Na mesma linha, ao menos um terço do pacote de 1,8 trilhão de euros (R$ 9,7 trilhões) aprovado pela União Europeia em 2020 vai para projetos ligados à mudança climática. Isso sem contar as regulações aprovadas pelo bloco que sofisticam o mercado regulado de carbono, desenvolvem uma taxonomia verde e controlam as mercadorias que entram no continente a partir de seus impactos ambientais.
“Como temos restrição fiscal, precisaremos ser mais eficientes e vamos ter que achar alguma forma de ser muito cirúrgicos nos nossos incentivos. […] Teremos que saber as batalhas que a gente vai comprar e as apostas que a gente vai fazer como sociedade; a gente não vai poder apostar em tudo”, afirma Costa.
Ela cita, por exemplo, a produção de fertilizantes verdes e de SAF (sigla em inglês para combustíveis sustentável de aviação). Esse último ainda é incipiente no mundo, mas o Brasil, se tivesse ambiente regulatório e incentivos fiscais adequados, poderia liderar o mercado global, já que a matéria-prima desses combustível vem de commodities conhecidas dos brasileiros, como etanol, óleos vegetais e gordura animal.
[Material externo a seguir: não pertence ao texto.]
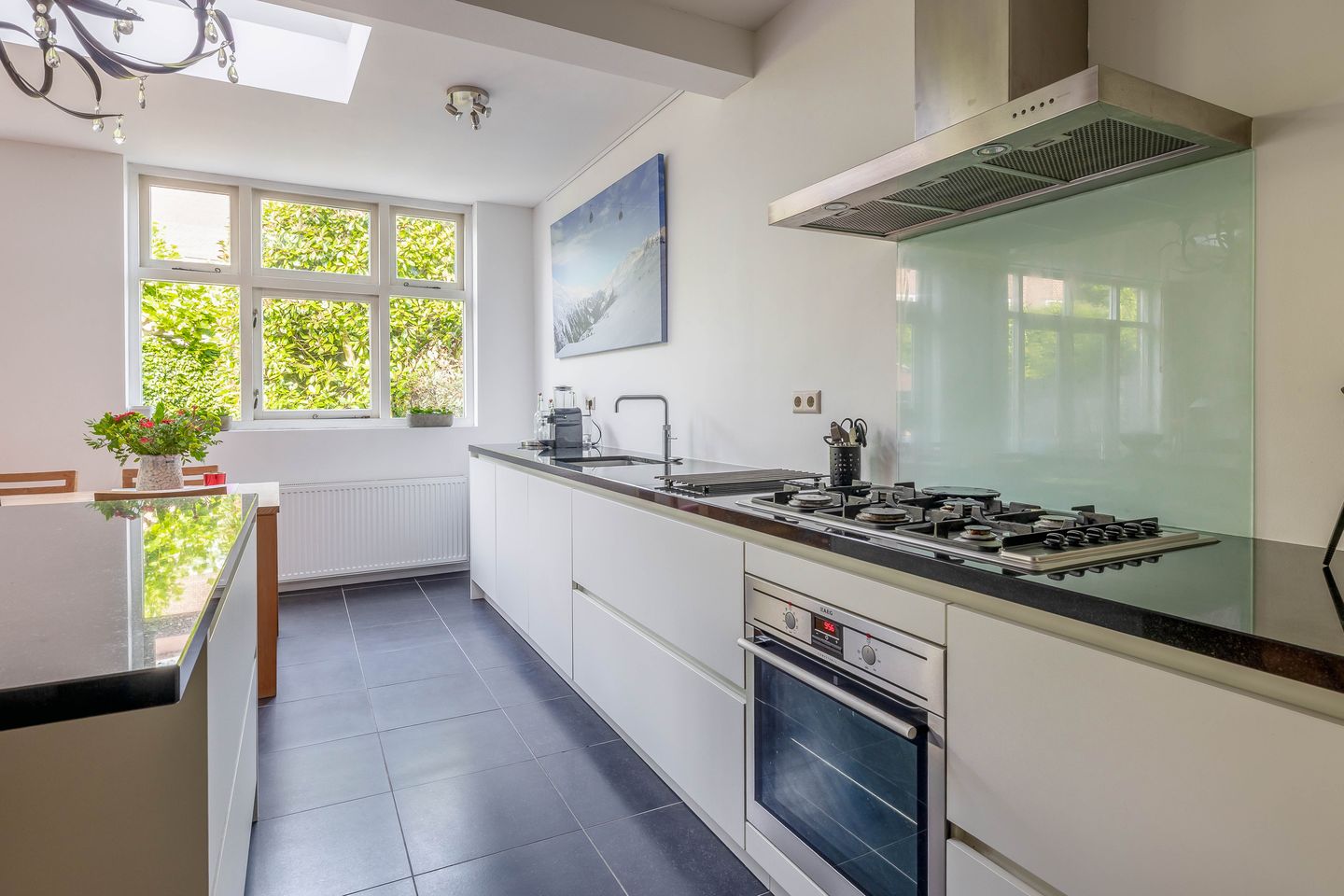 Photo 19 of Van Marumstraat 10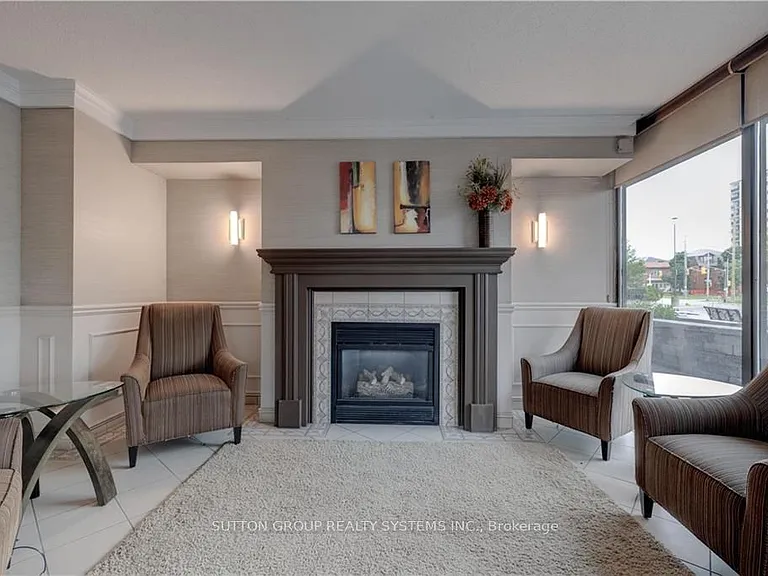 323 Colborne St #1004 — Photo 23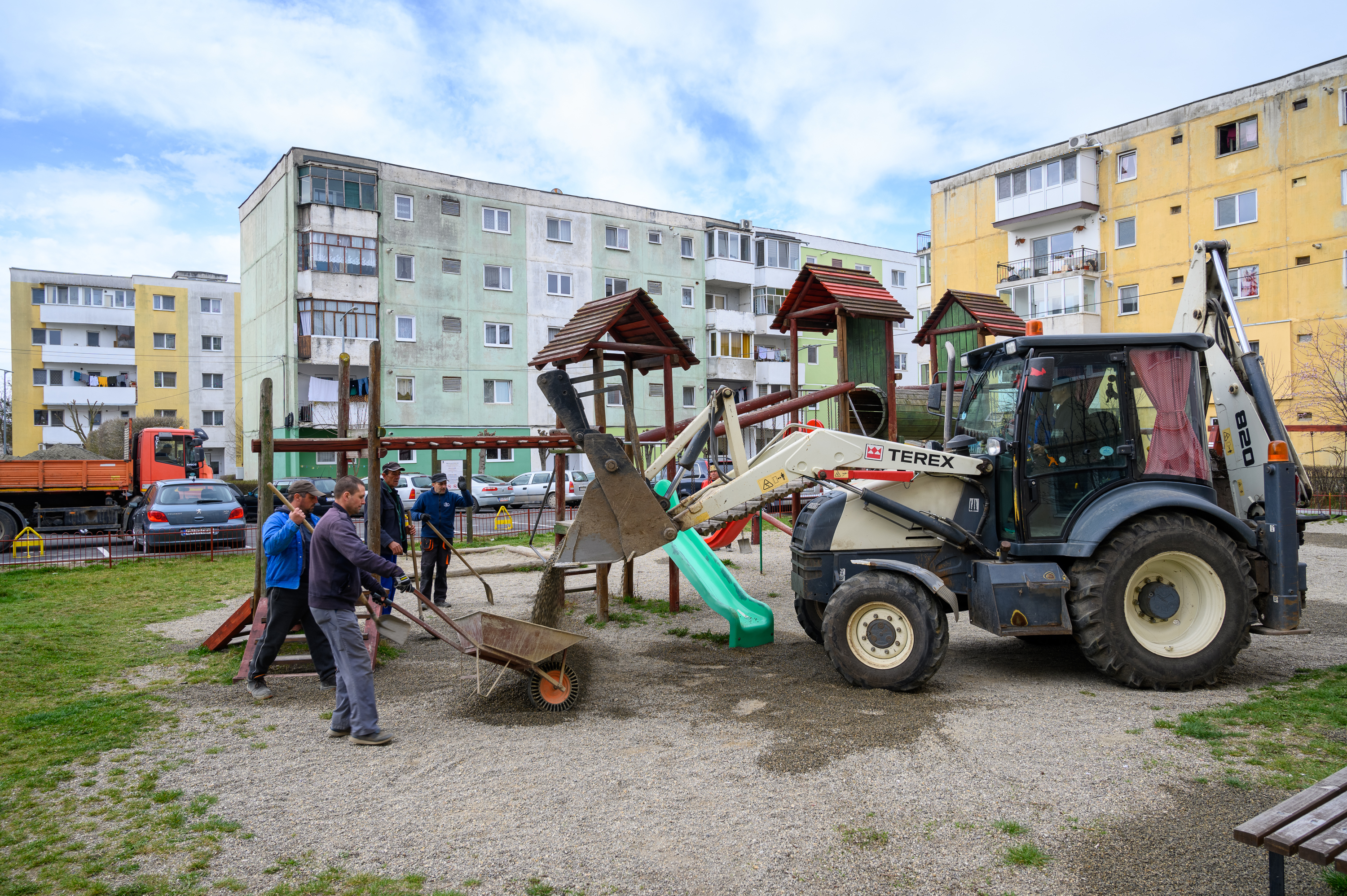 Elkezdődtek a tavaszi karbantartási munkálatok, folytatódnak az útfelújítások Sepsiszentgyörgyön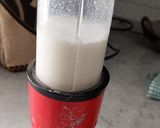 A picture of step 4 of Badam Pisin Milk Shake.
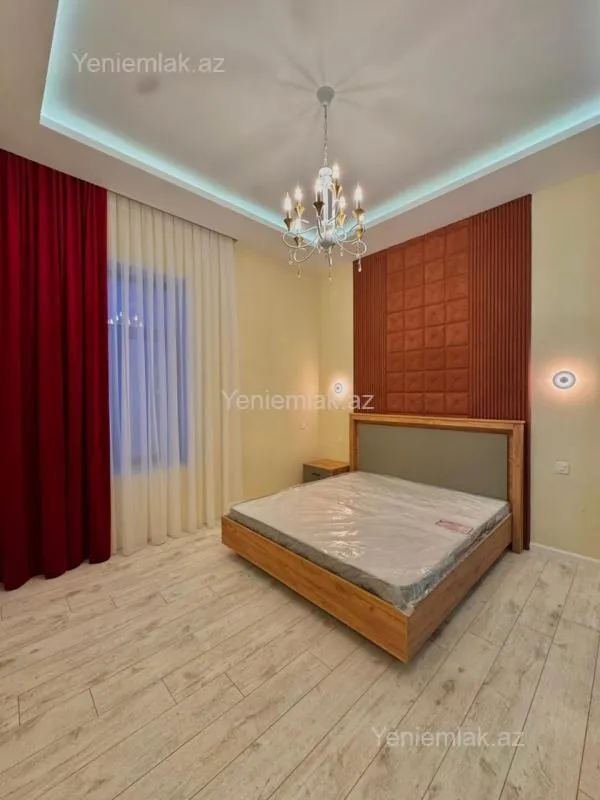 Satılır 4 otaqlı həyət evi 180 m²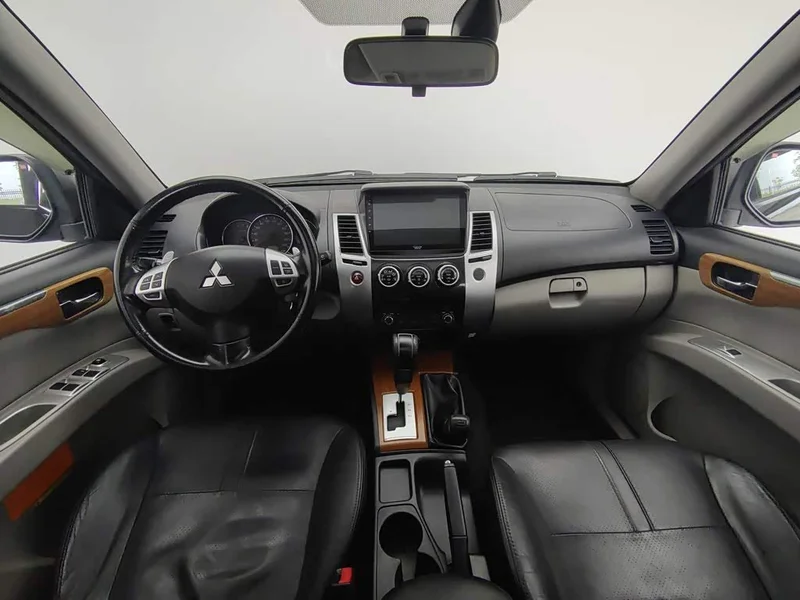 Mitsubishi Pajero Sport (Imported) — фото 5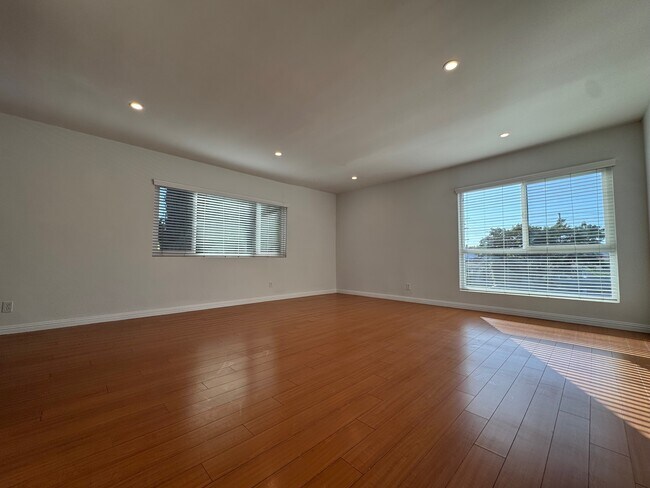 Building Photo - 5708 Woodman Ave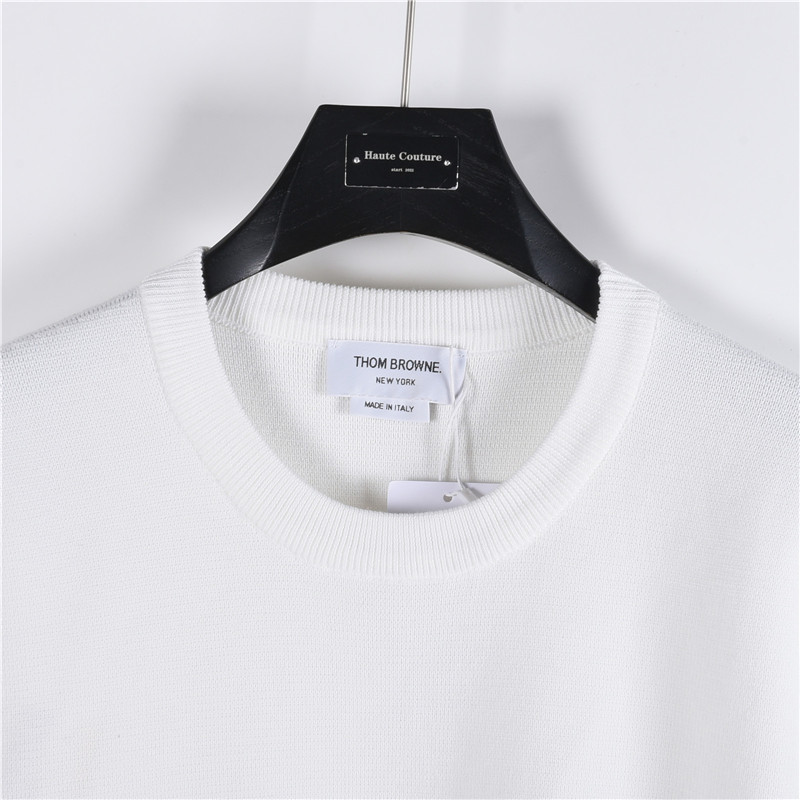TB经典双袖标加厚圆领羊绒毛衣 THOM BROWNE 汤姆布朗 .TB经典加厚双袖标圆领毛衣 TB经典双袖标加厚圆领羊绒毛衣 THOM BROWNE 汤姆布朗 .TB经典加厚双袖标圆领毛衣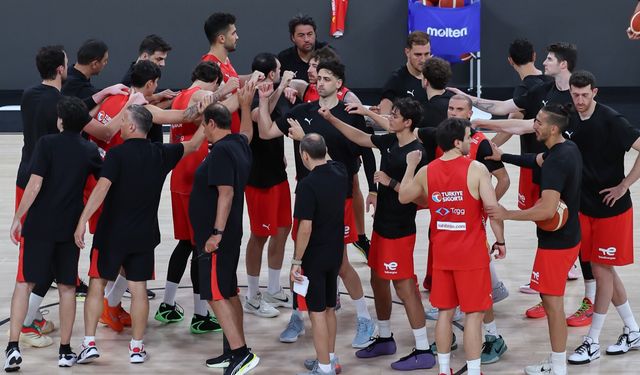 A Milli Basketbol Takımı Dünya Kupası Hazırlıklarına Başladı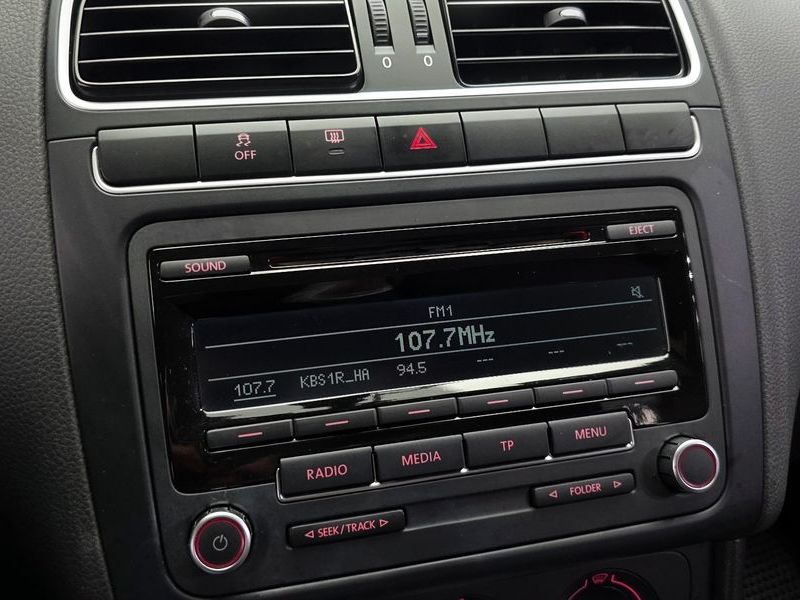 2014 Volkswagen Polo 1.6 TDI R-Line 5th photo 14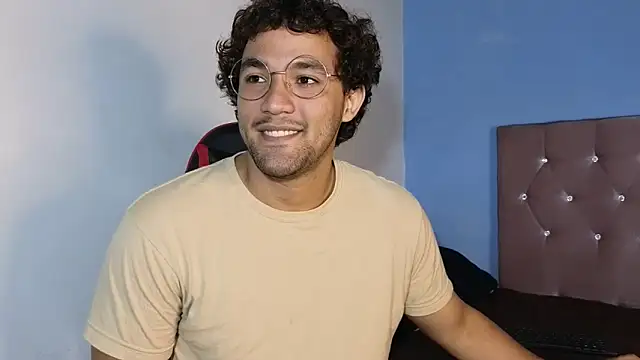 Snapshot of FreyrStyle chatting on December 2024 04:36:02 PM FreyrStyle online show from December 2024 04:36:02 PM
“Lá na frente também teremos que focar em hidrogênio verde e fertilizante verde porque a gente tem o agro inteiro para descarbonizar”, diz Costa. “Se a gente combinar nossas vantagens comparativas e desenhar esse arcabouço regulatório dessa economia verde de forma bem desenhada, uma indústria intensiva em energia vai se estabelecer no Brasil em vez da Europa.”
A BNEF calcula que o Brasil tem potencial para produzir o hidrogênio verde mais barato do mundo até 2030, podendo custar menos ainda que o hidrogênio cinza, aquele produzido a partir de fontes fósseis.
Mas para isso o país precisa ajustar seu ambiente regulatório. Ainda estão no Congresso leis que criam créditos voltados à transição energética e incentivos para a produção de biodiesel, de biometano e de SAF. Outras, que regulam a produção de hidrogênio verde no país, de energia eólica em alto mar e de um mercado de carbono, não têm previsão nem de serem votadas. São temas essenciais para o país e que, na visão desses especialistas, já deveriam ter sido aprovados a tempo.
“Ter o ambiente político correto e metas e objetivos é extremamente importante. O dinheiro flui para onde há clareza real em torno dos objetivos e onde há bom suporte político”, diz Jon Moore, CEO da BNEF. “Se trata de escolher o que é econômico e garantir que isso seja conhecido, compreendido e apoiado. Talvez seja necessário um investimento inicial para colocar os primeiros projetos em funcionamento, mas não precisa ser um grande número para acelerar dramaticamente.”
Esses especialistas analisam ser uma corrida difícil. E nela é improvável que os países emergentes alcancem o primeiro lugar. Mas o importante é não ficar no final da fila.